The only difference is that completing a benchmark task will not increase the number of "Completed" tasks, as benchmark tasks do not appear in the final export, are not sent to Complete, and are only used once in the stage where they have been created to measure the annotator's (or reviewer's) performance.
For as long as there are benchmark tasks in the stage, for the user annotating, whenever the user clicks on "Submit", the next task that is shown to them has a, by default, 10% chance of being a benchmark task.
If only benchmark tasks are remaining in the user's queue, the user will be exclusively shown benchmark tasks.

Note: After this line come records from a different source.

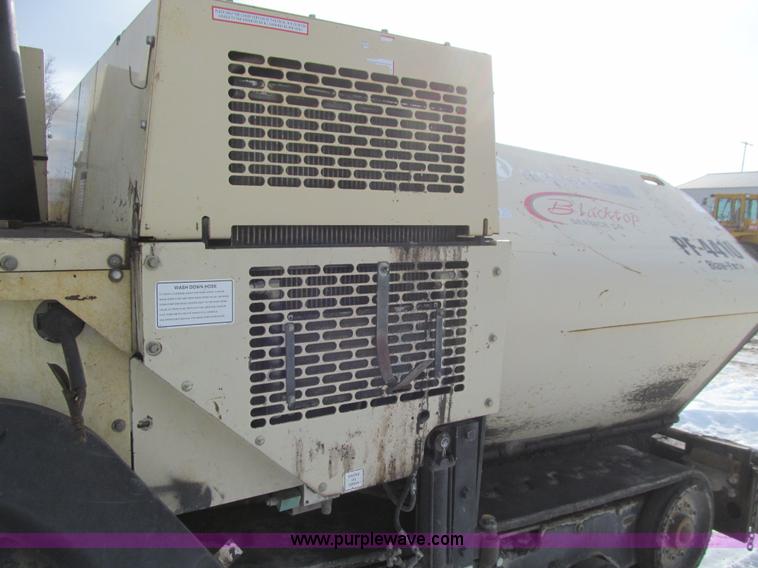 image for item K5513 2005 Ingersoll Rand PF4410 asphalt paver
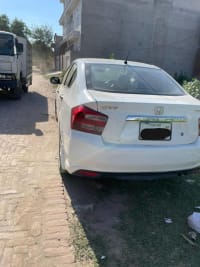 Honda City 1.3 I-vtec 2019 rental in Kacha Phatak Sher Shah Road, Multan, Punjab - Photo 2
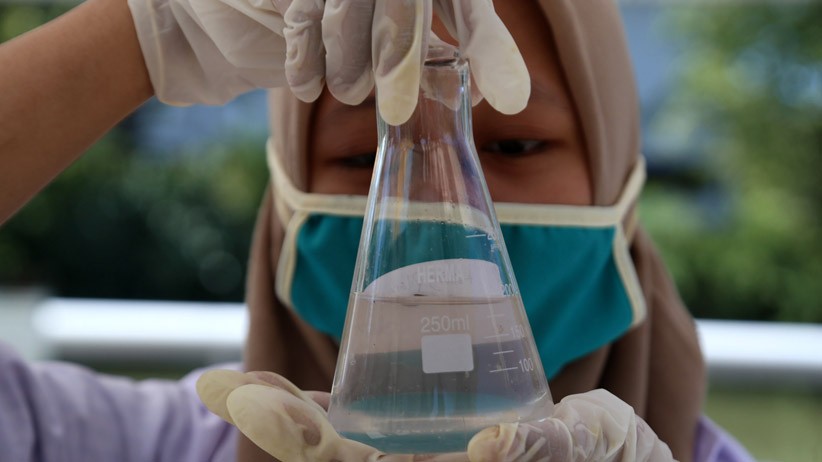 Air Sungai Kalimas Surabaya Tercemar Klorin, Bahan Utama Disinfektan - Bagian 3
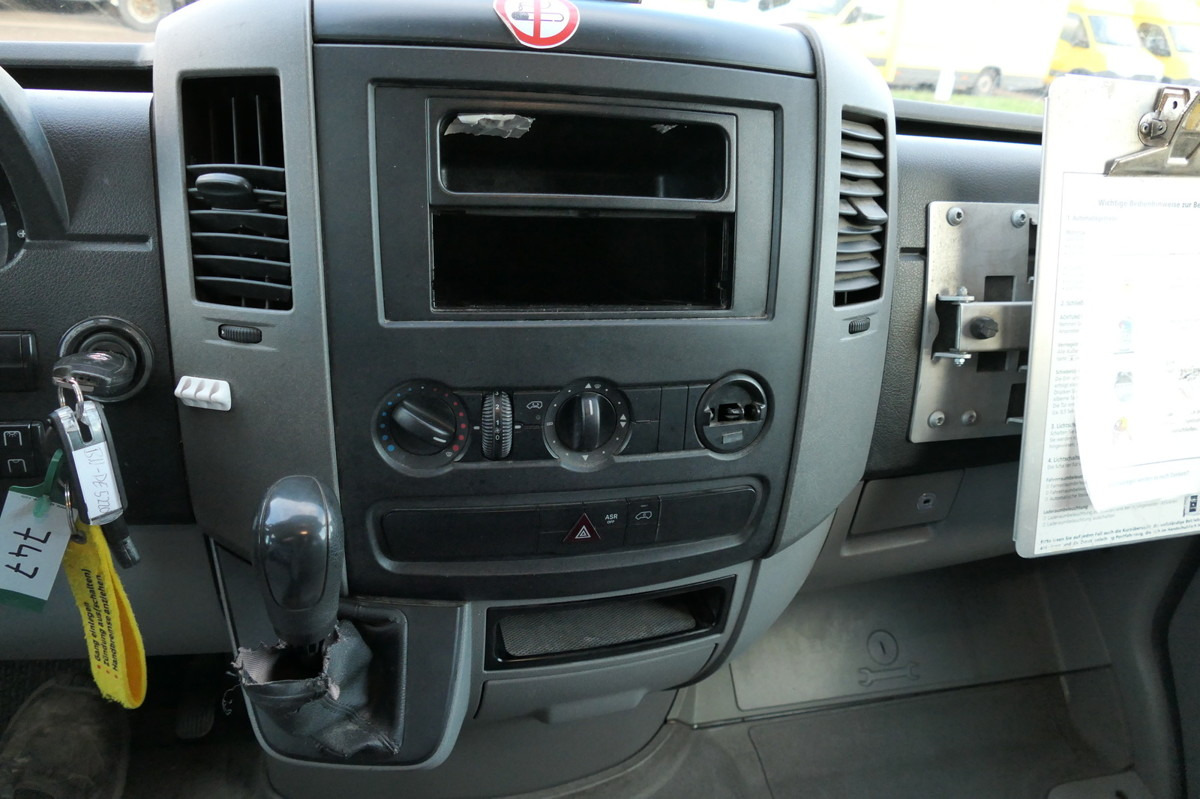 MERCEDES-BENZ SPRINTER 310 CDI MAXI EURO-5 KOFFER REGALE KAME - crédit-bail MERCEDES-BENZ SPRINTER 310 CDI MAXI EURO-5 KOFFER REGALE KAME: photos 10 MERCEDES-BENZ SPRINTER 310 CDI MAXI EURO-5 KOFFER REGALE KAME - crédit-bail MERCEDES-BENZ SPRINTER 310 CDI MAXI EURO-5 KOFFER REGALE KAME: photos 10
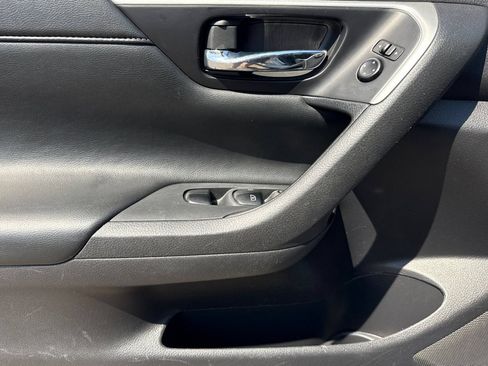 Used 2018 Nissan Altima 2.5 SL FWD image 11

This frequency can be changed from the project Settings -> General section, under the benchmark toggle:
By default, there is a 10% chance that, whenever an annotator submits a task, the next task they will receive will be a benchmark (if there are any left for the user to annotate).
Setting this to 0% will cause benchmark tasks to stop showing to users, and setting this to 100% will cause only benchmark tasks to be shown to users until benchmark tasks are done. Users would then be shown normal labeling tasks.
As project manager, you can see the performance of each user, as well as the performance of each benchmark question.
To see each user's performance, enter the Performance tab. Each user's average benchmark score will be shown on the user's row:
To see the performance of each benchmark question, from the Tasks tab, filter by Benchmark. You will then only see tasks which have been set as benchmark.
Click on the "+" icon next to a benchmark task to see each user's answers and score as it relates to that benchmark question:
From each benchmark's row, you may see the average benchmark score for that question, as well as the number of annotators who have submitted an answer to that benchmark:
You may also download a JSON containing all information on all tasks used to benchmark users from Settings -> General -> Export Benchmark Tasks.
Benchmark tasks shown to users:
Do not get sent to Complete
Do not contribute to completion statistics (e.g. the "Tasks Completed" number will not go up as benchmark tasks are completed)
Do contribute to all other statistics (TPT, etc.)
Are immediately archived after being submitted (e.g. they are available for project managers to inspect, but they are not present in any stage.
Let questionCount
be the total number of classification questions in the project, and taskCount
the total number of tasks assigned to an asset.
We calculate x
, the single-question score for a single task as (sameAnswers / (taskCount - 1))
, where sameAnswers
is the count of answers that are equal to one another, current one excluded.
We repeat the above calculation for all tasks in the asset, to calculate the final result represented as Σ(x) below.
We calculate y
, the overall score on a single question (classification) as (∑(x) / taskCount)
.
We repeat the above calculation for all questions in the asset, to get to the final result represented as Σ(y) below.
The final score, then, is calculated as ∑(y) / questionCount
.
Note on Rank Benchmarking
In the Rank classification tool, if the annotator's answers differ, in any way, with the benchmark, their score for that classification will be 0. If they are the exact same, it wil be 1 (e.g. 100%) for that classification.
We calculate benchmarks for objects using the Intersection over Union (IoU) method.
We compare objects with one another to generate their IoU scores. If some annotations are completely separate, for example, with not even a pixel in common, their IoU score would be 0. If they overlapped completely, their score would be 100.
We then average the IoU scores of all annotation to calculate the final score.
Yes. Open the task from the Tasks or the Assets tab, edit it, and save it.
Existing benchmark scores will not be changed. Users who have not yet been benchmarked on the task will see the new, updated task, and they will be tested on this new version of the task.
The benchmark score remains unchanged. Once a user is tested on a benchmark task, their score regarding that task is unchangeable. Users who have not yet seen the benchmark task, however, will be tested on the edited version of the task.